Exercise objective: Find each line of the entries with the string "heart", please, and copy it.

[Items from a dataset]
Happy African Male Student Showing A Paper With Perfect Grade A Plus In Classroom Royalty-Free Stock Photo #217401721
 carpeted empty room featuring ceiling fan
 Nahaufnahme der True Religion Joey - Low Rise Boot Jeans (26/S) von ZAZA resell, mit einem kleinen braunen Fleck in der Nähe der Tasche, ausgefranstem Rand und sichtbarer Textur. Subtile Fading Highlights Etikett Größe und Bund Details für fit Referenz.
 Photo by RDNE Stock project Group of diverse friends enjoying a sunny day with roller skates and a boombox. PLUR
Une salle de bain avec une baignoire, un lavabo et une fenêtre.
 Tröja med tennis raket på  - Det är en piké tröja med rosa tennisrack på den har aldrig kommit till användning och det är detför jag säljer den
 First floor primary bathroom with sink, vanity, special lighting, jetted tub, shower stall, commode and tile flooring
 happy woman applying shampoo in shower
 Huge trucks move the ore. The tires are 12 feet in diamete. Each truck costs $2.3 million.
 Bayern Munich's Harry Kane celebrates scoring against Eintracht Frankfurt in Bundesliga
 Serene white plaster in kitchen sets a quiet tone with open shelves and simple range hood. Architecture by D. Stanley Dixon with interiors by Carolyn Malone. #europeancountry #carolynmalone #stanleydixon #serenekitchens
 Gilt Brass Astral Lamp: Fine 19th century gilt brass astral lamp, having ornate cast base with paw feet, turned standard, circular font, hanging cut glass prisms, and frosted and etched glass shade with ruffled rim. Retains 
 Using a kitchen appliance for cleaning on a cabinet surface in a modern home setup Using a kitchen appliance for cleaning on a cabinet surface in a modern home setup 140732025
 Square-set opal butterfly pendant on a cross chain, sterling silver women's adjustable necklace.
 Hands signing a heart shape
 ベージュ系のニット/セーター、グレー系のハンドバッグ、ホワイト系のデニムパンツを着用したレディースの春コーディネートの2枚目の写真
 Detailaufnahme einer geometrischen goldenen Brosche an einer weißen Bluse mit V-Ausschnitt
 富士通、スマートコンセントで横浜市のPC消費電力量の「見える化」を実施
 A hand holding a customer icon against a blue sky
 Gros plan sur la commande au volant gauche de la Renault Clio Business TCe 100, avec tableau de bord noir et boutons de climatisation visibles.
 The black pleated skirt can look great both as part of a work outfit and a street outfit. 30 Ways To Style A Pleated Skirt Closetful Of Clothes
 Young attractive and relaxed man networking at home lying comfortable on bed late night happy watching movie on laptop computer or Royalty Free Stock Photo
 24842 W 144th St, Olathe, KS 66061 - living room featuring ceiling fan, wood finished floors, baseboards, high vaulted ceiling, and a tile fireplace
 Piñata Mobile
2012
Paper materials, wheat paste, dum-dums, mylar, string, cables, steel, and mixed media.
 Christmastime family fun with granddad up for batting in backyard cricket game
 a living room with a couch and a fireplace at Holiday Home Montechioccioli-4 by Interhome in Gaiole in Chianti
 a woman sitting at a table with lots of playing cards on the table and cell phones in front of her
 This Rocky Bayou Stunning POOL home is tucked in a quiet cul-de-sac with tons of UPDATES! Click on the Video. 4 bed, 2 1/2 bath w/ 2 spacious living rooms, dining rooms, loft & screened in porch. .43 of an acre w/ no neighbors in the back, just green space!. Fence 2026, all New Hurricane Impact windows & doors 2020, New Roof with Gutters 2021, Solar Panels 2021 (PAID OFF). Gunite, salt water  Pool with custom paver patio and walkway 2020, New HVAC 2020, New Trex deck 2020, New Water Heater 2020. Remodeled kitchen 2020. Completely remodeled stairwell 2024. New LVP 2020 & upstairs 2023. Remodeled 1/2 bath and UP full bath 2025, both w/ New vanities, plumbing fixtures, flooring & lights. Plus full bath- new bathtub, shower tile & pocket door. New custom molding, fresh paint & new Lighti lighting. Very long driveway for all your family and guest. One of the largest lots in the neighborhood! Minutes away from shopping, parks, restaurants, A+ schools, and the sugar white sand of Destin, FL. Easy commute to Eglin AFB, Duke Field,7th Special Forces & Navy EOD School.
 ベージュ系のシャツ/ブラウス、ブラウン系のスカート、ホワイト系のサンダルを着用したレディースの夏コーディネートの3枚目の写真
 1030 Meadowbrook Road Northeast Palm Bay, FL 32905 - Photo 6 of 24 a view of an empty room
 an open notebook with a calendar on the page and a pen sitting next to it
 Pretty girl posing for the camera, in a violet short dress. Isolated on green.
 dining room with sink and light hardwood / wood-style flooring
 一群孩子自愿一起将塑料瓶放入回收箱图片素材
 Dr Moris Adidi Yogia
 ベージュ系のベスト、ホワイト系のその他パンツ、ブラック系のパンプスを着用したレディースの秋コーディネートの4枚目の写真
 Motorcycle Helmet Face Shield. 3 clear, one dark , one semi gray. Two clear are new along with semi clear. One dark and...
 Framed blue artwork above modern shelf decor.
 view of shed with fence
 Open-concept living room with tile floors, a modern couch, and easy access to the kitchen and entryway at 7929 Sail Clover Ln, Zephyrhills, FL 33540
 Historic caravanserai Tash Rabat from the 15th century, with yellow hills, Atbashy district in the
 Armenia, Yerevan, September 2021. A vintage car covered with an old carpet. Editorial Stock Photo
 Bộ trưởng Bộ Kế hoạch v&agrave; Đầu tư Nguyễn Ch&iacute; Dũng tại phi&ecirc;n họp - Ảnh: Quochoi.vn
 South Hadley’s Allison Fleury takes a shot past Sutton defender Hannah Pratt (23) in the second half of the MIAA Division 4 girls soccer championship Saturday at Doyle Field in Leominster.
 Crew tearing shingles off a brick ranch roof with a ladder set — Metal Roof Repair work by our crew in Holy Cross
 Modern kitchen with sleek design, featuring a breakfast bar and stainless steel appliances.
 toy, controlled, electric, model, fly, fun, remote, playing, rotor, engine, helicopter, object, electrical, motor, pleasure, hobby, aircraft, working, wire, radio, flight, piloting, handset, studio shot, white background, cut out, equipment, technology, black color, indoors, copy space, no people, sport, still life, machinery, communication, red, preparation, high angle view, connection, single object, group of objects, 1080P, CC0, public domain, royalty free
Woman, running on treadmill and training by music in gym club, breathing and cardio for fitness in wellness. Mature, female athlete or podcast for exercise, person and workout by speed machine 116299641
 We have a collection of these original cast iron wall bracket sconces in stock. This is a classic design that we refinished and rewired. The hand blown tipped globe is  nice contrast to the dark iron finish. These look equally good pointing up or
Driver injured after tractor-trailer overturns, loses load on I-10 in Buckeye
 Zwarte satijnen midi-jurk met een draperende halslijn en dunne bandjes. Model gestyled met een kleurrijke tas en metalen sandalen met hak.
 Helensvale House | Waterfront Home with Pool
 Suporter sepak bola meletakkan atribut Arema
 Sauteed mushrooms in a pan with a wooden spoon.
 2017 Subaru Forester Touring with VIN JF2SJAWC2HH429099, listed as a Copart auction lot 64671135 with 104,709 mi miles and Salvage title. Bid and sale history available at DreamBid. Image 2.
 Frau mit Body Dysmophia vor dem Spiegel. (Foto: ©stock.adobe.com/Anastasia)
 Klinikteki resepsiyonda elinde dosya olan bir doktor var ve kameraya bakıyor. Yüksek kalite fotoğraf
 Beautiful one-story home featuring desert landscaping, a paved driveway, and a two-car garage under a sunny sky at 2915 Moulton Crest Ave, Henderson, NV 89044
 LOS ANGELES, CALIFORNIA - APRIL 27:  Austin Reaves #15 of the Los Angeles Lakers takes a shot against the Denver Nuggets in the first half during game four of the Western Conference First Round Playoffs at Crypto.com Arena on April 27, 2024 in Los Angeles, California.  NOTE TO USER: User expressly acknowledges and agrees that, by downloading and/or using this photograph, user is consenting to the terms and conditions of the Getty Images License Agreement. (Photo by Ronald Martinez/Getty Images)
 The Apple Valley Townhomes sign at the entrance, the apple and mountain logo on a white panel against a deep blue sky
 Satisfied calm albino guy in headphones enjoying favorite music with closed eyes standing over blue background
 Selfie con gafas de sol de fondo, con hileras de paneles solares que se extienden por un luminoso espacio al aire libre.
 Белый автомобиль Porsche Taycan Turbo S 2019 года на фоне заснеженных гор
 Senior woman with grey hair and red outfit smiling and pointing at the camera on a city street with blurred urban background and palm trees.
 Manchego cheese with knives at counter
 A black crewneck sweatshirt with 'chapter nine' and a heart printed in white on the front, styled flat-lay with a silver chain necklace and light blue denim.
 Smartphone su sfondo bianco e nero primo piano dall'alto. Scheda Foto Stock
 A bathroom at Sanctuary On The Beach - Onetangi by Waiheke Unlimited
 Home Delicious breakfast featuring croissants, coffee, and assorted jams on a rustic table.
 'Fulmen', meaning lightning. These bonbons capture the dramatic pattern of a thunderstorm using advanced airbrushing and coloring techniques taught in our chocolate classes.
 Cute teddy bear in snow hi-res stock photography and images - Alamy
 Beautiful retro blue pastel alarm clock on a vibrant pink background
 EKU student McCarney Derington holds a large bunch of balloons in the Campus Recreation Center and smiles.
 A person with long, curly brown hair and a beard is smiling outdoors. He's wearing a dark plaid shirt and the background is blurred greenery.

Response to the exercise:
 Hands signing a heart shape
 A black crewneck sweatshirt with 'chapter nine' and a heart printed in white on the front, styled flat-lay with a silver chain necklace and light blue denim.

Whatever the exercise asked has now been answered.